[To do]: Pictures stay out of the copy. Transcribe exactly, and only, the line with "a front view of a house with a tree" through the last line of the entries below.

[Dataset excerpts]
--- START ---

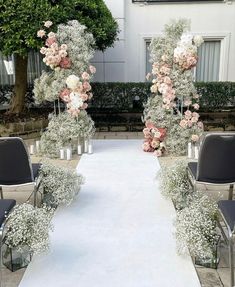 an outdoor ceremony setup with chairs and flowers on the aisle, surrounded by greenery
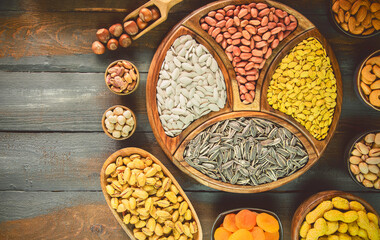 Assortment of Egyptian popular snacks sunflower seeds, watermelon seeds, pumpkin seeds and salted peanuts, roasted nuts and dried fruits.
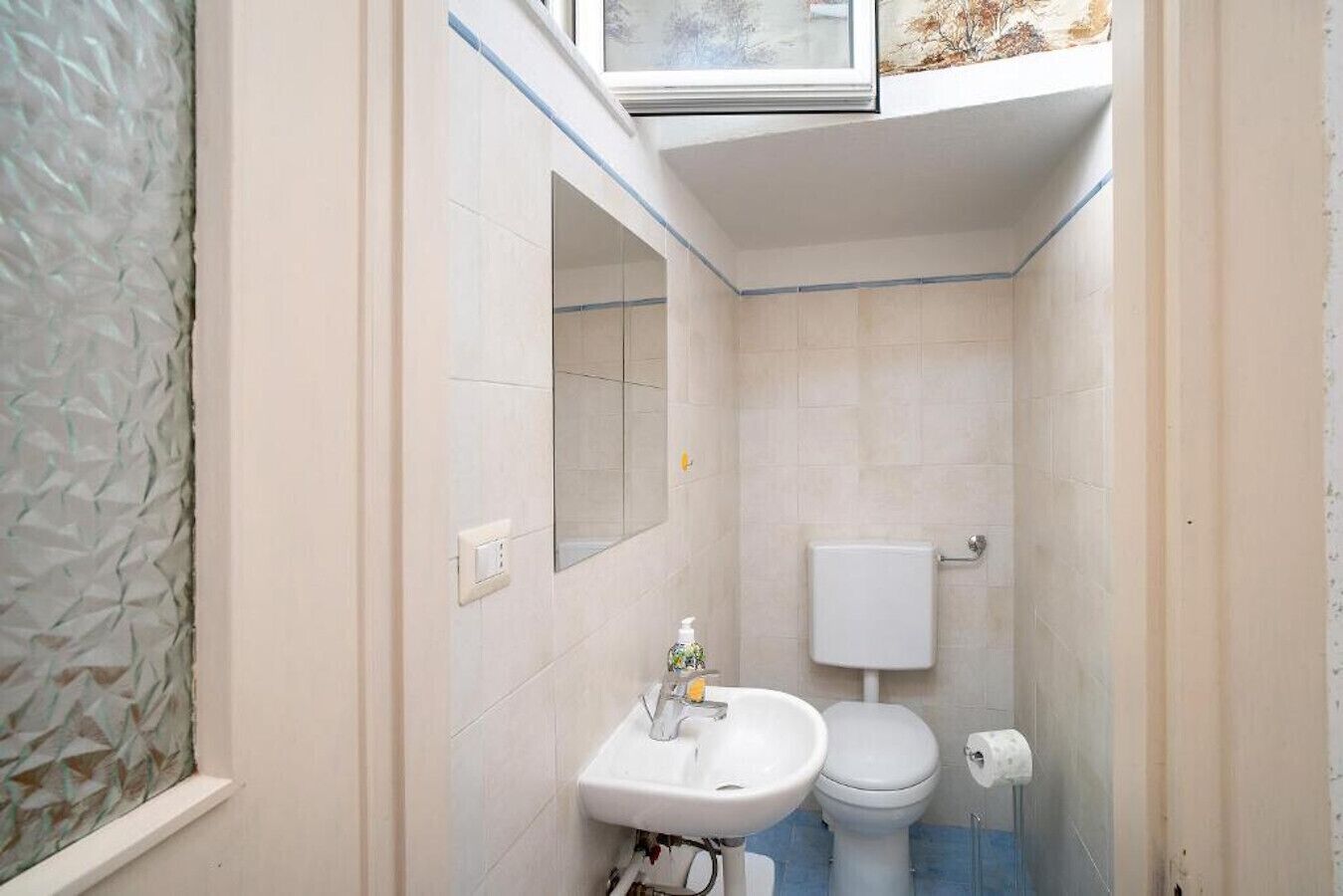 Ein kleines, kompaktes Badezimmer mit Toilette, Waschbecken und einem Fenster über dem Waschbecken.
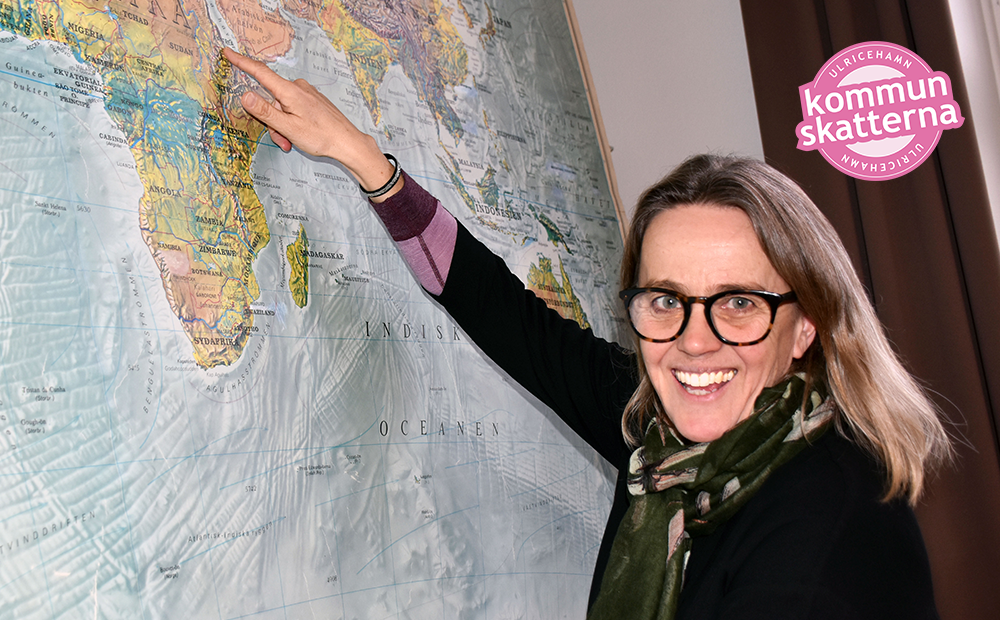 Karin har glasögon och pekar ut Eritrea på en stor världskarta som sitter på väggen.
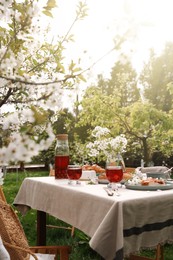 Stylish table setting with beautiful spring flowers, fruit drink and pie in garden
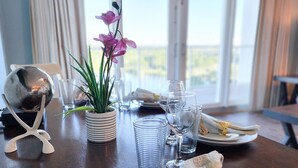 Una mesa de comedor dispuesta con platos, vasos, una esfera de cristal y una orquídea en maceta.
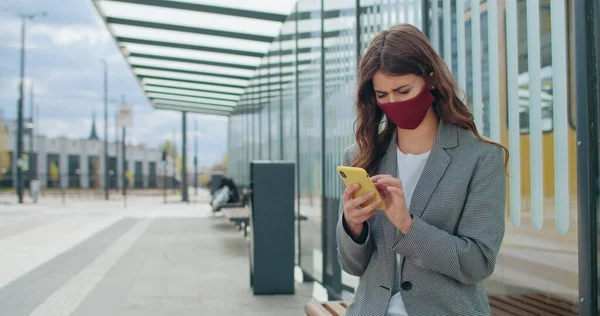 Brunette girl in cotton mask checking news or browsing internet. Millennial woman in protection handmade face mask using smartphone and scrolling screen while sitting at bus stop.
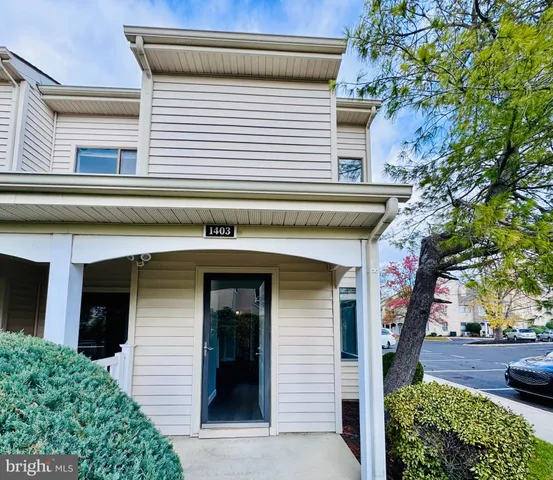 a front view of a house with a tree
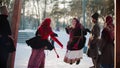 Russian folklore - Russian woman swinging and everyone is laughing on a sunny day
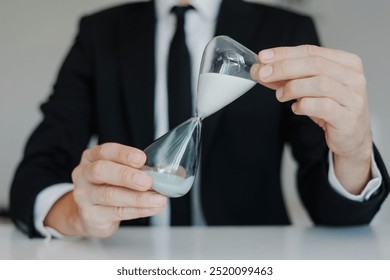 Young businessman holding hourglass. Concept of time management and deadline. - Powered by Shutterstock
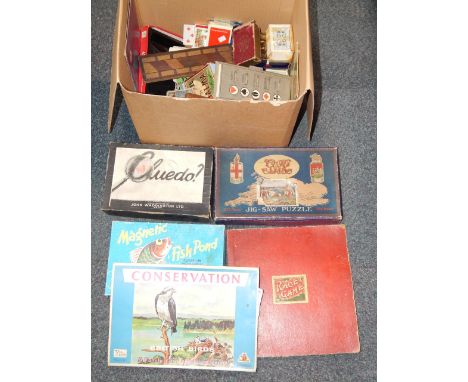 An early Waddington Ltd Cluedo game, GWR Cornwall jigsaw puzzle, further puzzles, cribbage board, trump marker and playing ca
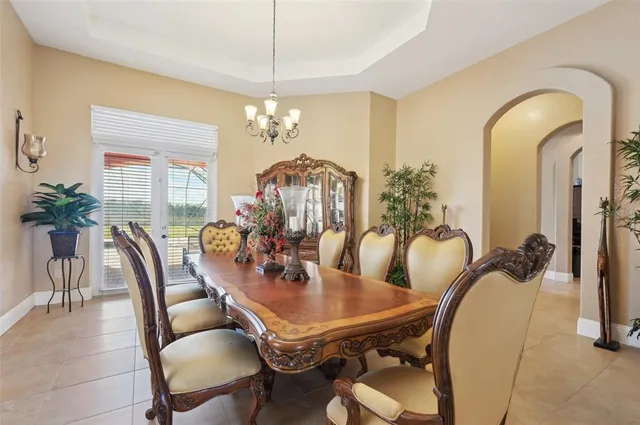 a kitchen with stainless steel appliances granite countertop wooden cabinets a stove a sink and dishwasher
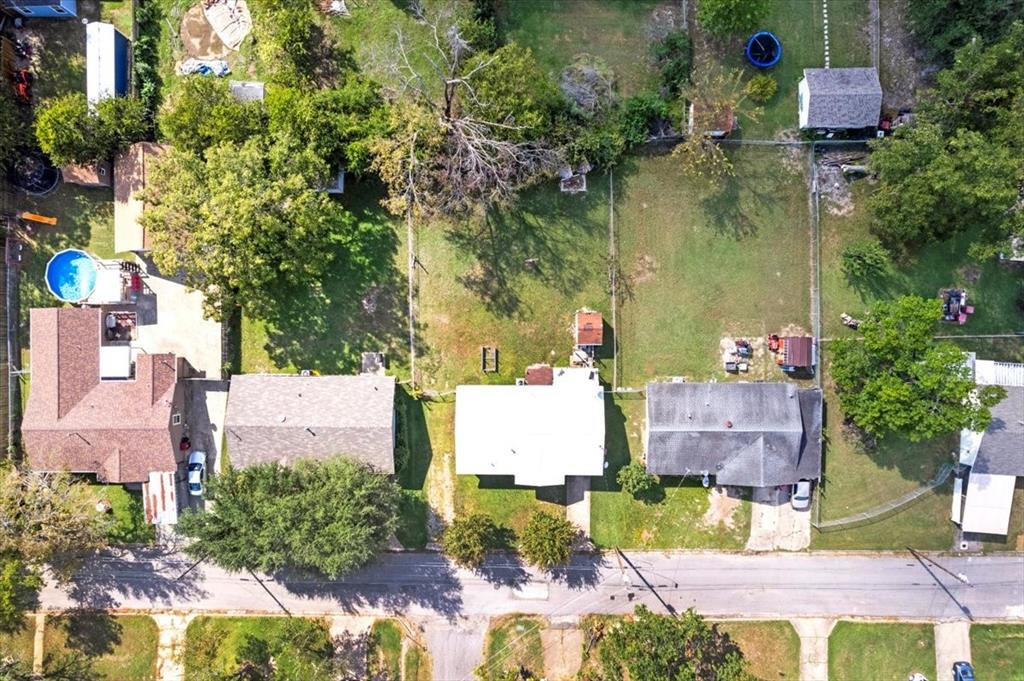 1309 Pine Street Bonham, TX 75418 - Photo 33 of 33 an aerial view of a house with a yard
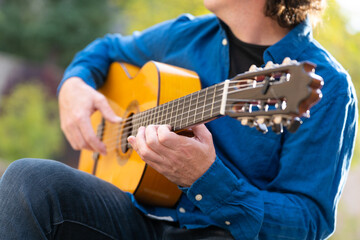 Unrecognizable middle-aged man playing Spanish guitar sitting on park bench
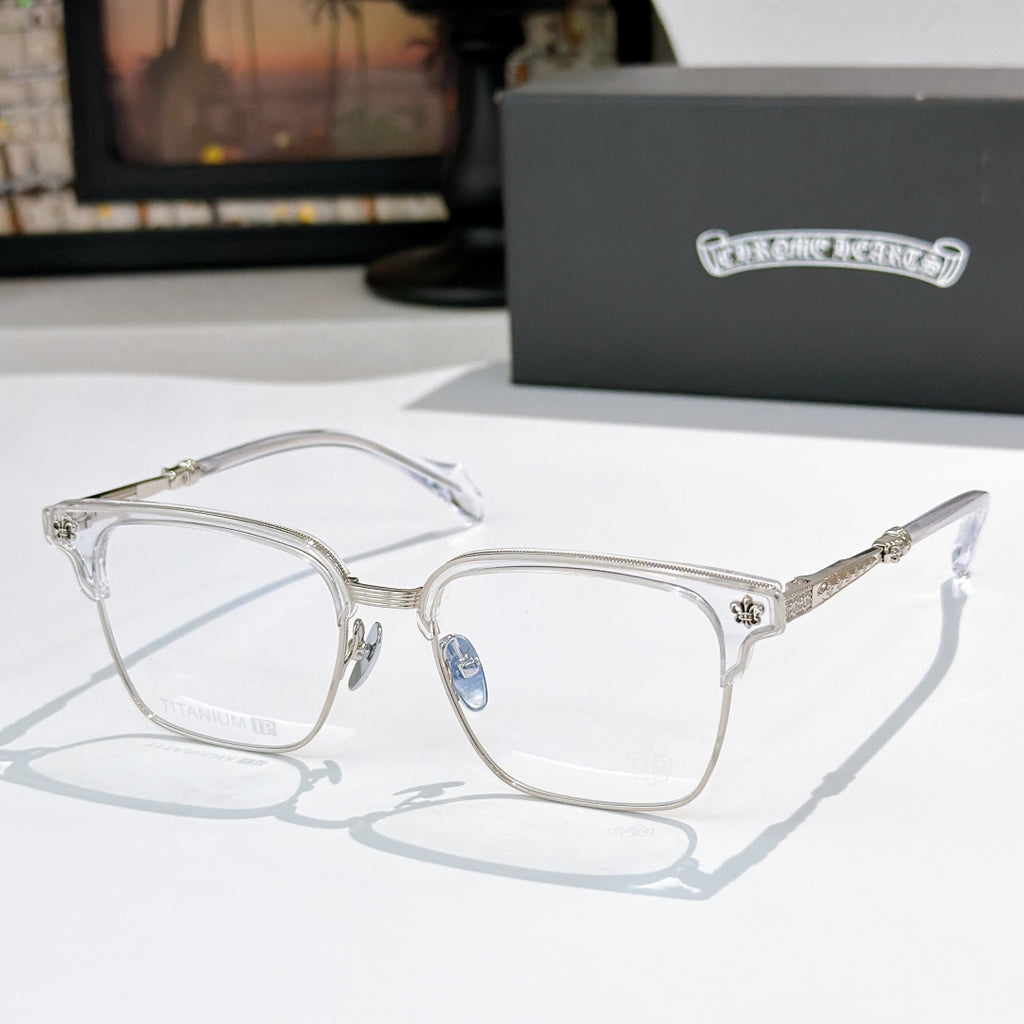 Square eyeglasses with clear lenses, chrome frame, and gold engraved temple details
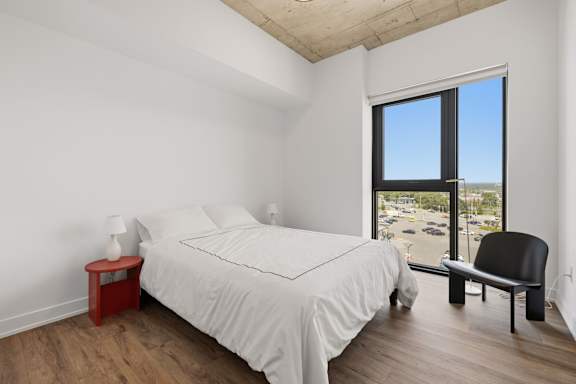 A bedroom with a large bed, a chair, and a window overlooking a parking lot.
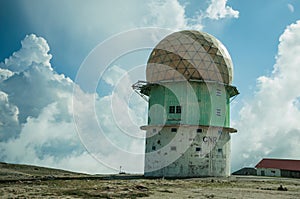 Dome of old radar station on rocky landscape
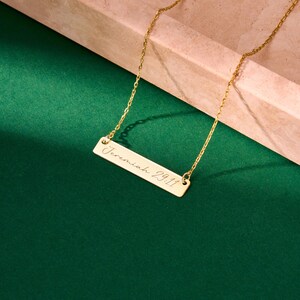 May include: A gold-colored bar necklace with the inscription "Jeremiah 29:11" in a delicate script. The rectangular pendant hangs from a fine chain, set against a green background.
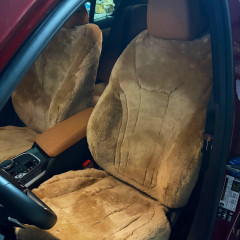 Tailor-made Sheepskin Seat Covers installed on front seats.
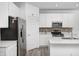 Stylish kitchen with stainless steel appliances, white cabinetry, and a functional island with counter seating at 7265 Governors Row, Avon, IN 46123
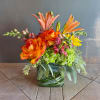 Warm anyone&#039;s heart with this beautiful mix of roses, lilies and other
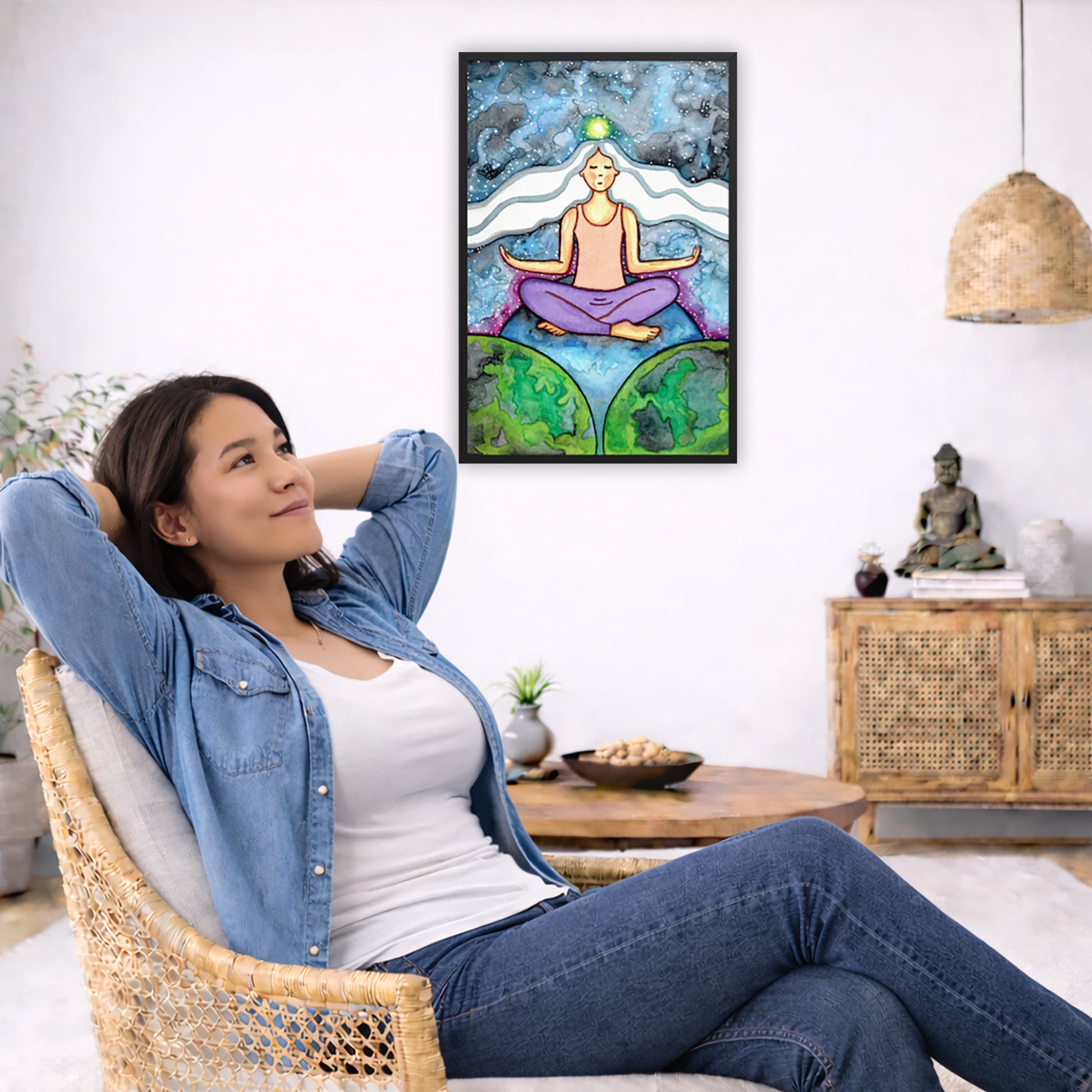 Framed poster of a meditating woman with her crown chakra glowing.  The poster is in the center of the living room wall. To the left a woman is relaxing in her chair with her hands behind her head. There is a small coffee table beside her with a bowl of walnuts, incense and a small green plant. On the right side of the room is a cabinet with a Buddha statue, books and an urn on it. To the left is a green floor plant.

--- END ---

[Task output]:
 a front view of a house with a tree
 Russian folklore - Russian woman swinging and everyone is laughing on a sunny day
 Young businessman holding hourglass. Concept of time management and deadline. - Powered by Shutterstock
 An early Waddington Ltd Cluedo game, GWR Cornwall jigsaw puzzle, further puzzles, cribbage board, trump marker and playing ca
 a kitchen with stainless steel appliances granite countertop wooden cabinets a stove a sink and dishwasher
 1309 Pine Street Bonham, TX 75418 - Photo 33 of 33 an aerial view of a house with a yard
 Unrecognizable middle-aged man playing Spanish guitar sitting on park bench
 Square eyeglasses with clear lenses, chrome frame, and gold engraved temple details
 A bedroom with a large bed, a chair, and a window overlooking a parking lot.
 Dome of old radar station on rocky landscape
 May include: A gold-colored bar necklace with the inscription "Jeremiah 29:11" in a delicate script. The rectangular pendant hangs from a fine chain, set against a green background.
 Tailor-made Sheepskin Seat Covers installed on front seats.
 Stylish kitchen with stainless steel appliances, white cabinetry, and a functional island with counter seating at 7265 Governors Row, Avon, IN 46123
 Warm anyone&#039;s heart with this beautiful mix of roses, lilies and other
 Framed poster of a meditating woman with her crown chakra glowing.  The poster is in the center of the living room wall. To the left a woman is relaxing in her chair with her hands behind her head. There is a small coffee table beside her with a bowl of walnuts, incense and a small green plant. On the right side of the room is a cabinet with a Buddha statue, books and an urn on it. To the left is a green floor plant.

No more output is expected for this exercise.